Not that it would take a competent hacker more than a few minutes to figure
out how to disable the blocks but at least this rules out a chunk of the
'l33t' crowd from having their way, which just might buy someone enough time
to get it patched.

------
bigfoot
Any countermeasures, besides not using a kernel supporting the Econet
protocol? I.e., does there exist a fix for the first CVE addressed in the
exploit's comment?

------
burningion
Worked on Ubuntu 10.10 Meerkat. Gotta love it.

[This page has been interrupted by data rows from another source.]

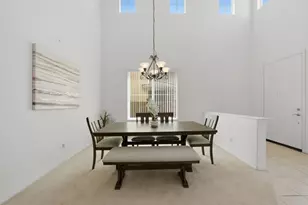 43764 Camino Gallegos, Temecula, CA 92592 - Photo 11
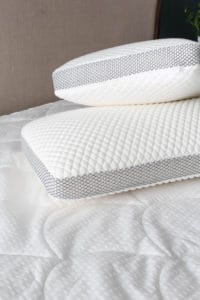 Master Bedroom Refresh | Rooms FOR Rent Blog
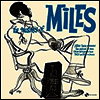 Miles Davis Quartet - The Musings Of Miles (Remastered)(180G)(LP)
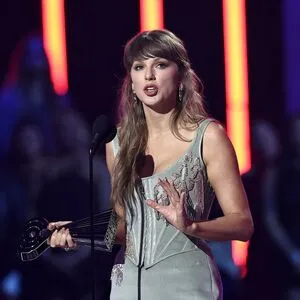 Taylor Swift OnlyFans Leaked Free Thumbnail Picture - #ToRIPhSzLj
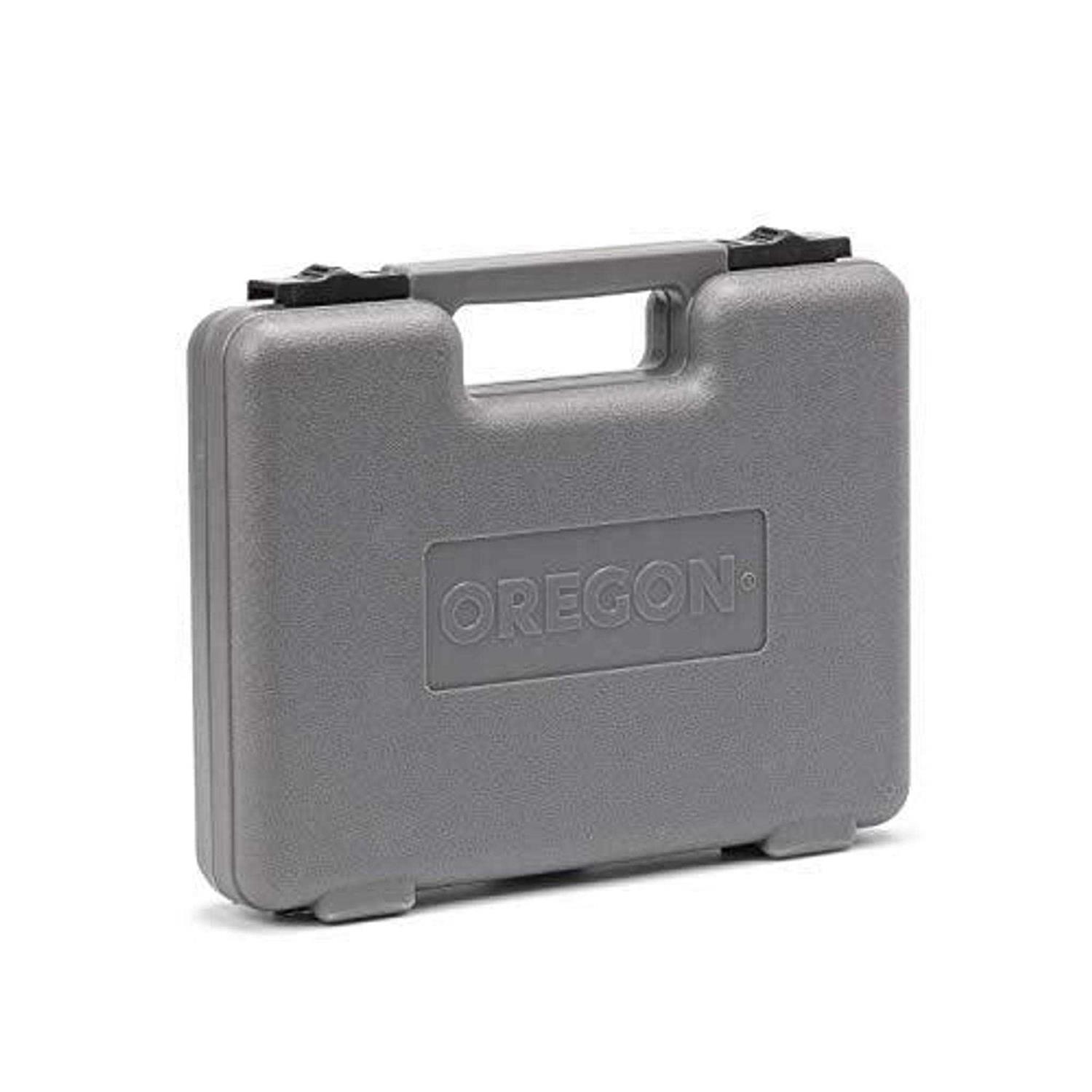Oregon 60-009 Throttle Control - Zenithce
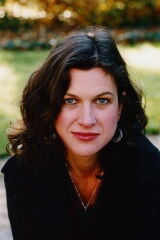Nancy Bishop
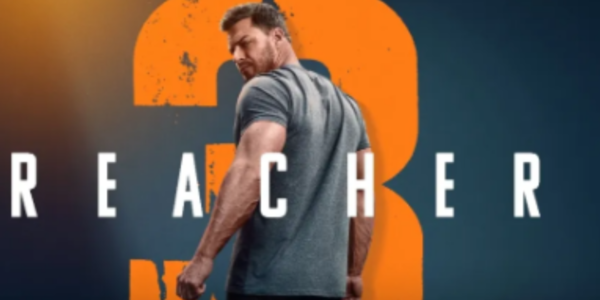 Reacher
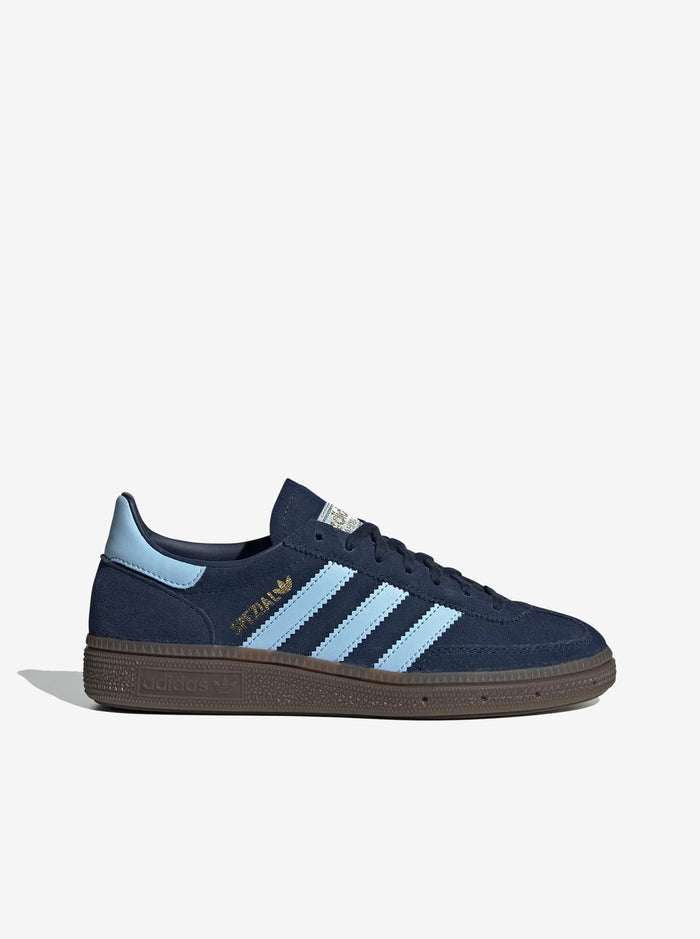 Handball Spezial Kids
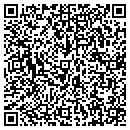 QR code with Careks Meat Market contacts
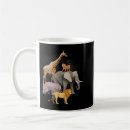 Search for funny zoo mugs Safari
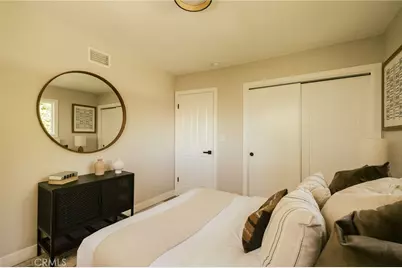 23446 Kathryn Avenue, Torrance, CA 90505 - Photo 48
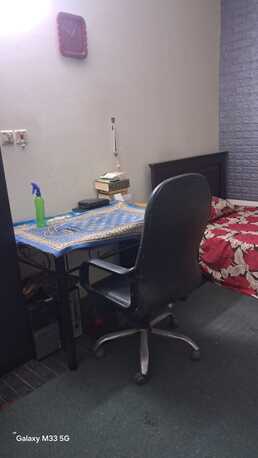 Yanbu, Apartments/Houses, SAR 850/month,  1 BR,  Room For Rent &mdash; Yanbu | SAR 850/month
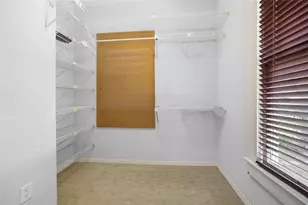 835 SE 3rd St, Ocala, FL 34471 - Photo 37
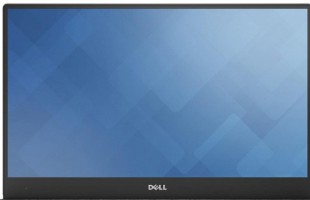 ремонт ноутбука Dell XPS 13 9360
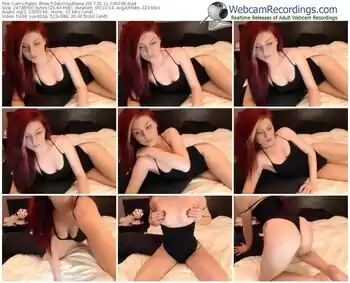 cams-deliciousdeea-webcam-show-01_11_2017-03_50_39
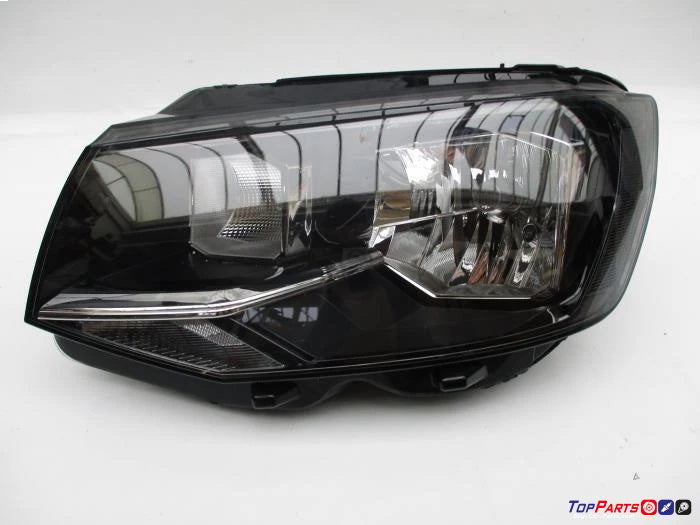 פנס ראשי שמאל חש'+מנוע V.W T-6 16-20 S028908   שנתון 16-20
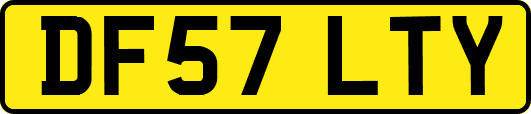 DF57LTY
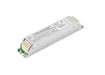 elp OM/539-54/T5/TI 39-80w Emergency Module ELP Modules Emergency Lighting Products - Easy Control Gear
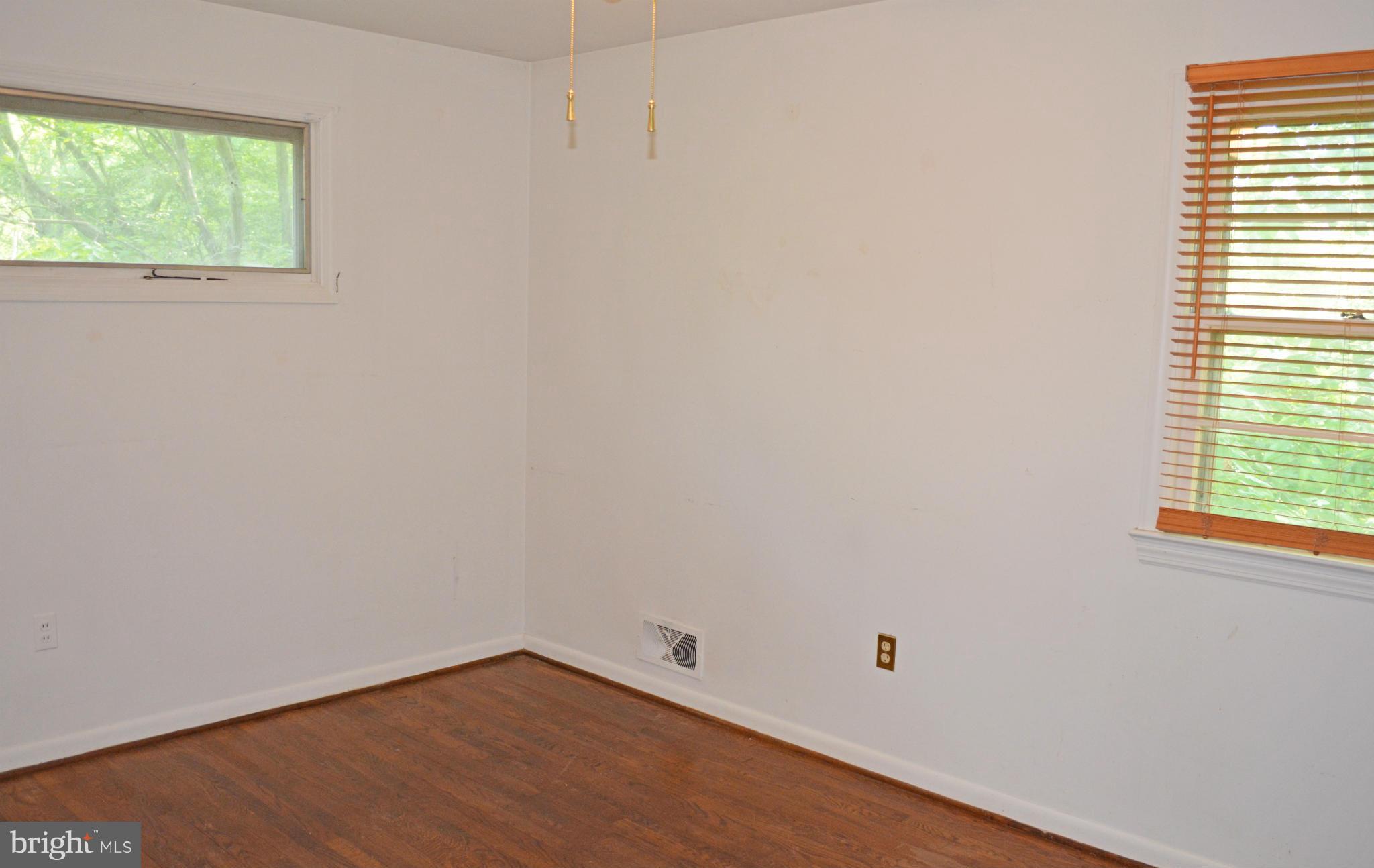 16005 Kenny Road Laurel, MD 20707 - Photo 15 of 23 Bedroom 2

Instant root.

------
tzury
Failed on mine

    
    
        tzury@precision:/tmp$ uname -a
        Linux precision 2.6.32-26-generic #48-Ubuntu SMP Wed Nov 24 10:14:11 UTC 2010 x86_64 GNU/Linux
        tzury@precision:/tmp$ gcc nelson.c 
        tzury@precision:/tmp$ ./a.out 
         [*] Resolving kernel addresses...
         [+] Resolved econet_ioctl to 0xffffffffa00705d0
         [+] Resolved econet_ops to 0xffffffffa00706c0
         [+] Resolved commit_creds to 0xffffffff8108aed0
         [+] Resolved prepare_kernel_cred to 0xffffffff8108b2b0
        [*] Calculating target...
        [*] Triggering payload...
        [*] Exploit failed to get root.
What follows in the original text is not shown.